There are a few limits to punitive bombing. First, we avoid nuclear states such as North Korea or Pakistan, because we don’t want to risk a dangerous response. Second, we try to prevent a long war that finally results in images of carnage broadcast back to the United States. And, third, planes are not to be shot down.
Even when things are said to have gone well, the drawback, as we saw throughout the 1990s, is that the results are by definition mostly punitive, since we have no presence on the ground to affect political events in a more constructive fashion. And even the degree to which stand-off bombing is successful in temporarily deterring a Saddam, Khadafi, or the Taliban from supporting terrorists depends on the accuracy of American bombs, the nature of the press coverage, and whether a population is restive and blames its pain on its own autocracy (e.g. Serbia) or rather on the American perpetrator (Iraq). Such wars can be relatively short (e.g., Libya, Operation Desert Fox) or go on for months (Serbia) or even years (the no-fly zones).
A riskier proposition is to employ American ground troops to change the political situation—that is, to flip a hostile government on the theory the people are desirous of freedom and would welcome liberation. Invasions are easy in a small Panama or Grenada, less so in large countries in the Middle East or Asia with well-entrenched political or religious movements that can pose as nationalists.

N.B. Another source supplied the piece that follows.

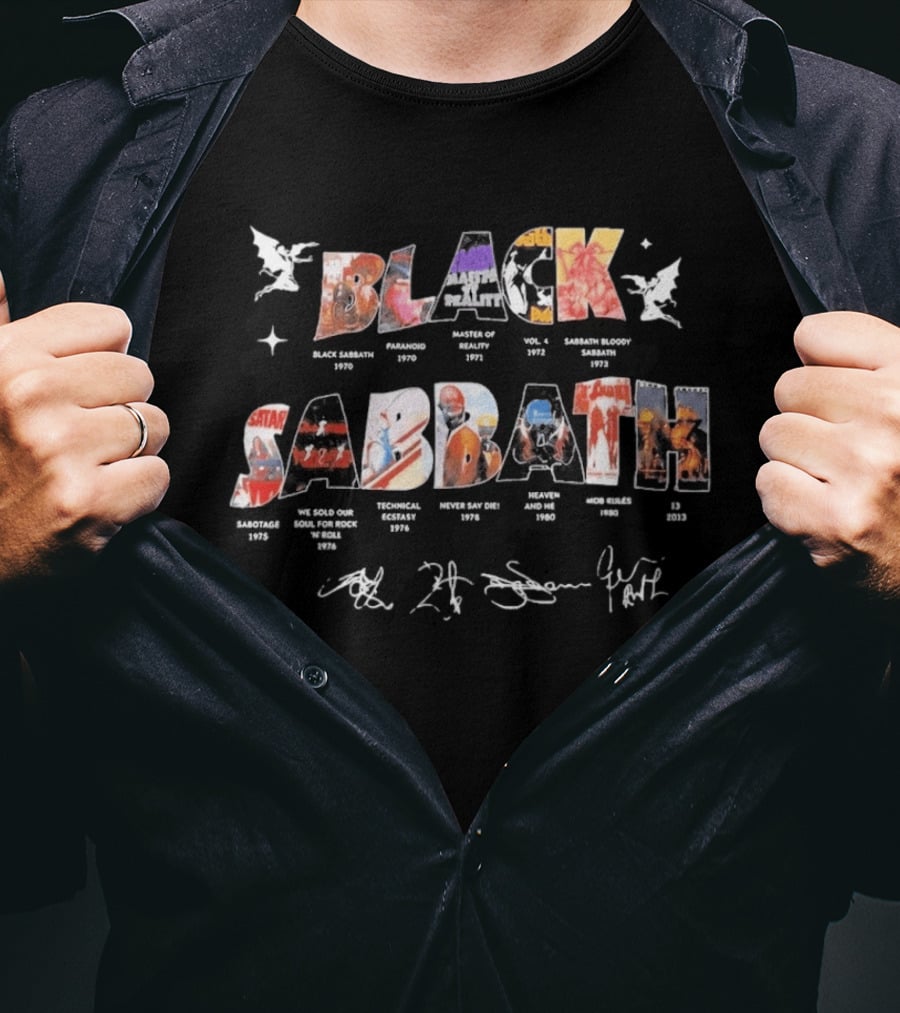 Black Sabbath Albums 1970 2013 Signatures And Discography T-Shirt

And once America enters such a risky landscape, the clock ticks. The question of victory or quagmire is decided by whether we can defeat the insurgents and set up a local government before the enemy can erode U.S. public opinion—either by killing enough Americans on the evening news to make us doubt the cost is worth the gambit, or, by suggesting that the vaunted values of Western bourgeois society have become sullied in the conflict at places like My Lai or Abu Ghraib. The key in any such effort is mostly political: Can indigenous forces, with American aid and the promise of democratic government, take the lead in the fight, ensuring fewer American losses, while offering something better than the past that resonates with sympathetic Westerners?
That an odious enemy beheads or tortures helps us little. Indeed, in such asymmetrical warfare it is to the advantage of the terrorists to embrace barbarity—either to terrify suburban America or at least to galvanize anti-war opposition by opening a Pandora’s box of horrors that inevitably “follow” from America “aggression.”